Pennsylvania Supreme Court Addresses Enforceability of Unlisted Resident Driver Exclusion.

In Safe Auto Insurance Co. (Safe Auto) v. Rene Oriental-Guillermo, et al. the Pennsylvania considered the enforceability of an unlisted resident driver exclusion (“URDE”) in a personal automobile insurance policy.

Mr. Oriental-Guillermo (“Guillermo”) owned a car, which he insured through Safe Auto. The Safe Auto insurance policy contained a URDE, which excluded coverage for any individuals who lived with, but were not related to, Mr. Oriental-Guillermo, and whom Mr. Oriental-Guillermo did not specifically list as an additional driver on the insurance policy.

Mr. Oriental-Guillermo allowed his girlfriend, Rachel Dixon (“Dixon”), with whom he resided, to operate his vehicle, at which time she was involved in an accident with another vehicle, owned by Iris Velazquez (“Velazquez”), and operated by Alli Licona-Avila (“Avila”).  Priscila Jimenez (“Jimenez”), a passenger in the vehicle operated by Avila, was injured, and she brought suit against Guillermo, Dixon and Avila. Shortly thereafter, Safe Auto sought a declaratory judgment to support its position to deny coverage based upon the URDE, since Dixon, lived with Guillermo, but was not related to him, nor was she listed as an additional driver on the insurance policy.
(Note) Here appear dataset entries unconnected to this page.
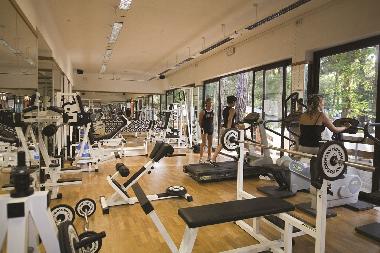 Chalet en Lido degli Estensi (Ferrara)Casa de vacaciones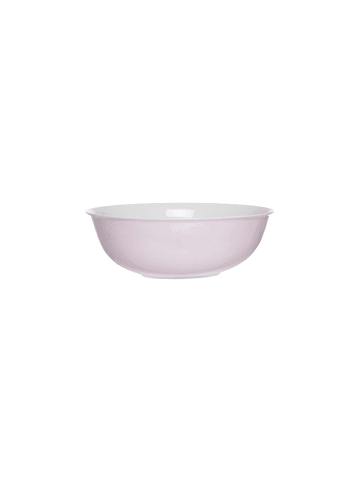 Ritzenhoff & Breker 6er Set Bowlschalen Doppio ø 18.0 cm in Rosé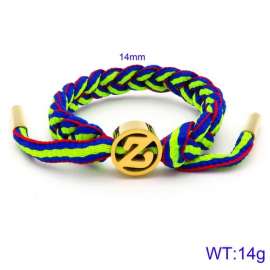Stainless Steel Special Bracelet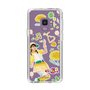 Slim Protection Case［ Momokuro-chan Z - Dandelion Shiorin - All-over Pattern ］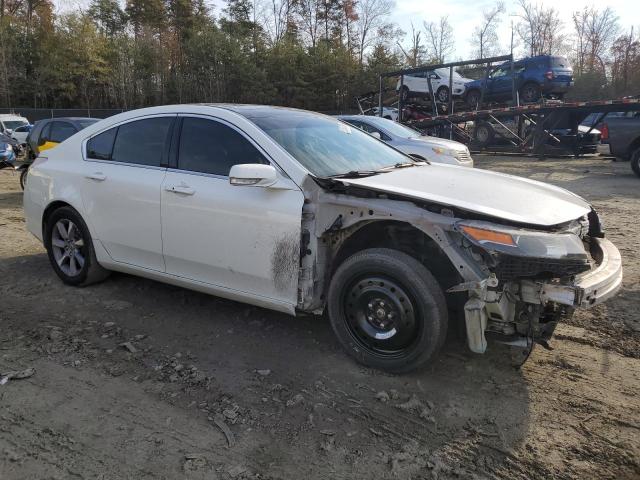 Vin: 19uua8f58da009837, lot: 80840354, acura tl tech 20134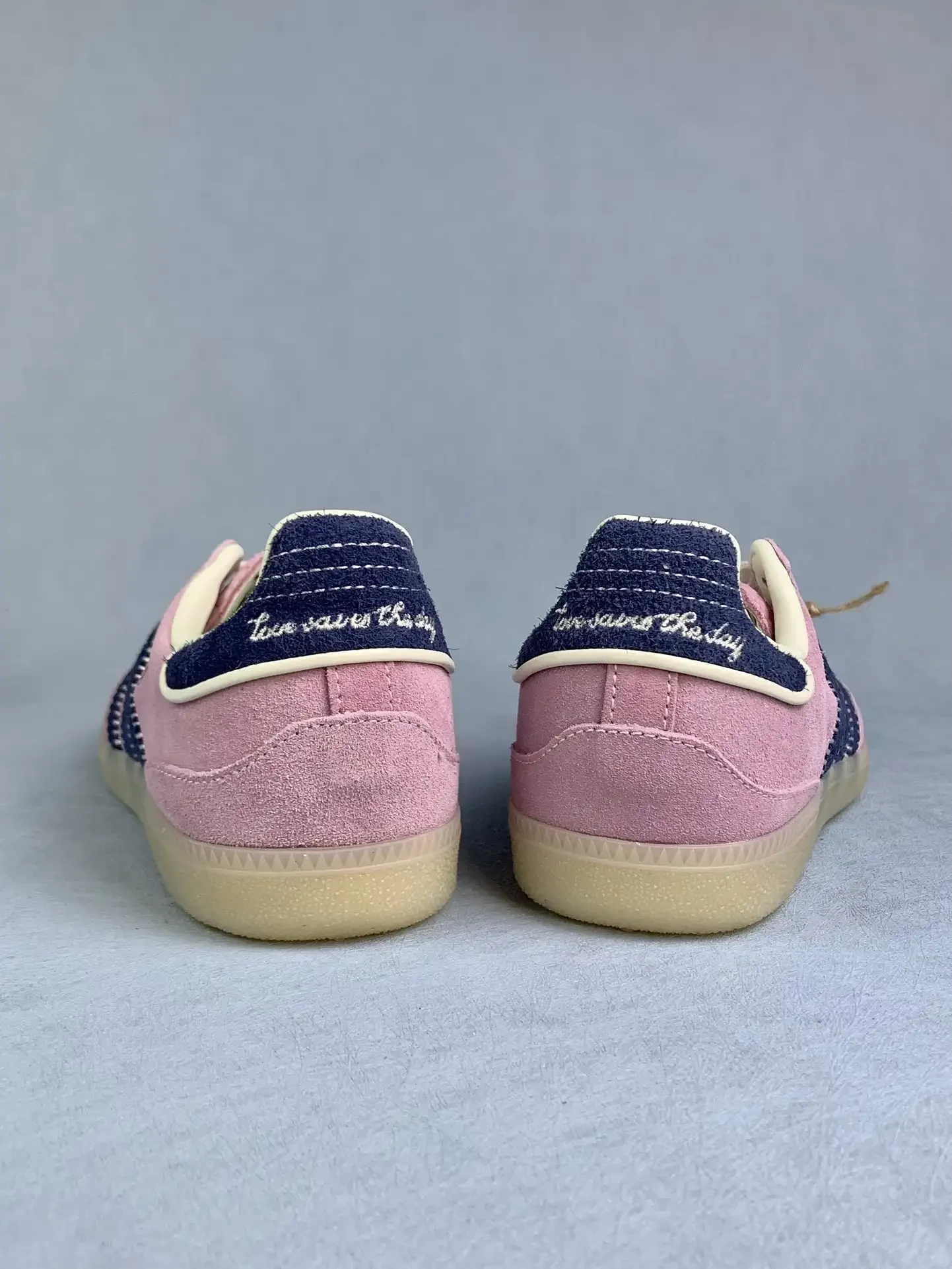 Samba OG Shoes product photo from LabelPicks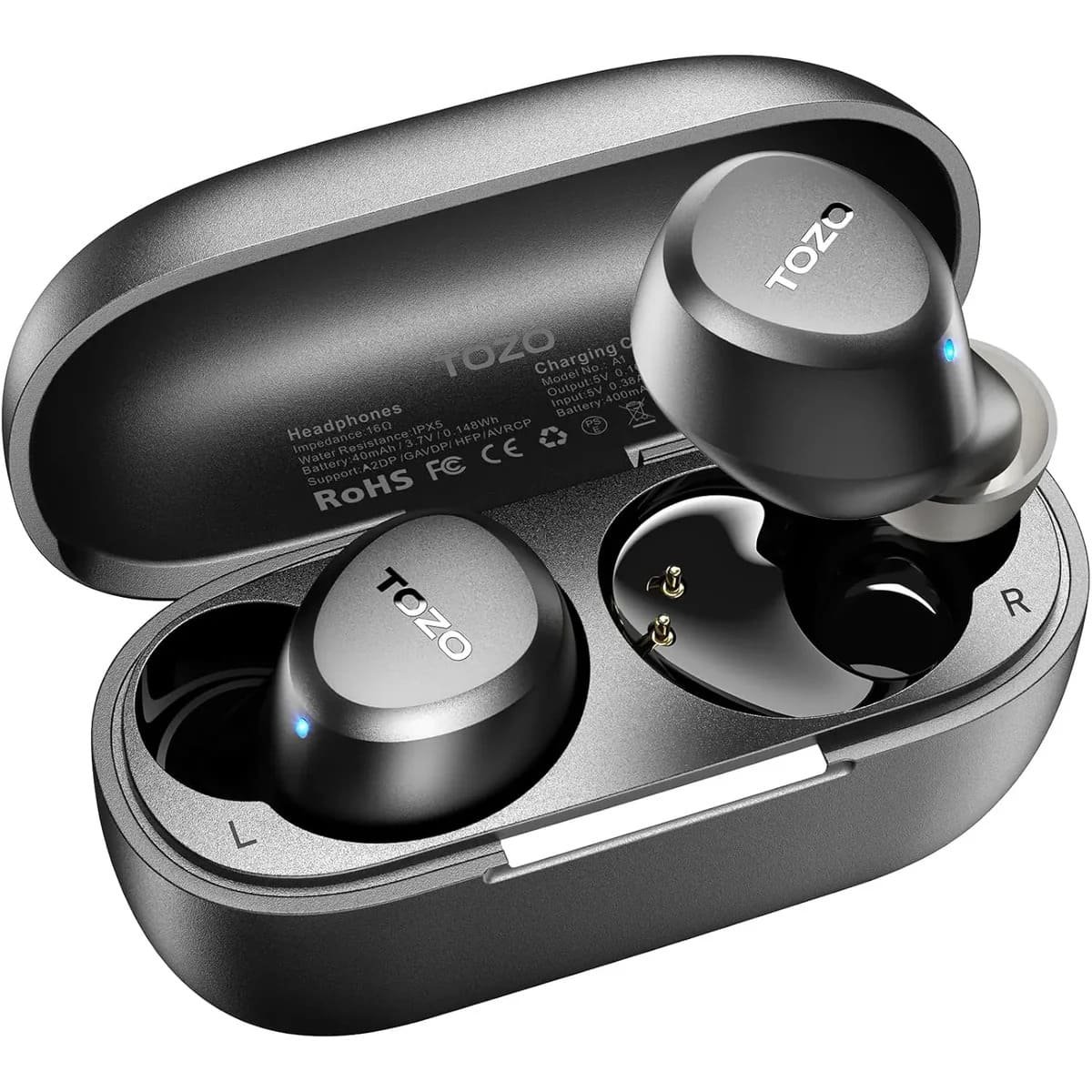 Wireless Spy Ear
The trial court determined that the URDE was unambiguous, valid and enforceable; and, concluded that Safe Auto had no duty under the Policy to indemnify or defend Dixon. Jimenez appealed to the Pennsylvania Superior Court and argued that: (1) the trial court erred in holding the URDE was valid and enforceable; (2) the URDE violates the provisions of the Pennsylvania Motor Vehicle Financial Responsibility Law (“MVFRL”); and, (3) that the URDE violates public policy because it “undermines the goal of maximum feasible restoration to accident victims.” The Superior Court affirmed the trial court’s decision, concluding that the language of the Policy, including the URDE, was unambiguous; and, therefore, enforceable. Second, the Court determined that the URDE did not violate Section 1786(f) of the MVFRL because it is the “owner” of a vehicle, and not the insurer, who must ensure that all drivers of his/her vehicle are covered by insurance. Finally, the Court concluded that the URDE in question was not against public policy because the MVFRL does not anticipate always shifting the burden [to] insurance companies to discover the identities of resident, non-family member insureds, who have access to an insured’s vehicle, which in the Court’s view, was a burden more appropriately placed in the hands of the insured. Jimenez appealed to the Pennsylvania Supreme Court contending that the URDE was inconsistent with Sections 1786(a) and (f), which provides:

(a) General rule.− Every motor vehicle of the type required to be registered under this title which is operated or currently registered shall be covered by financial responsibility.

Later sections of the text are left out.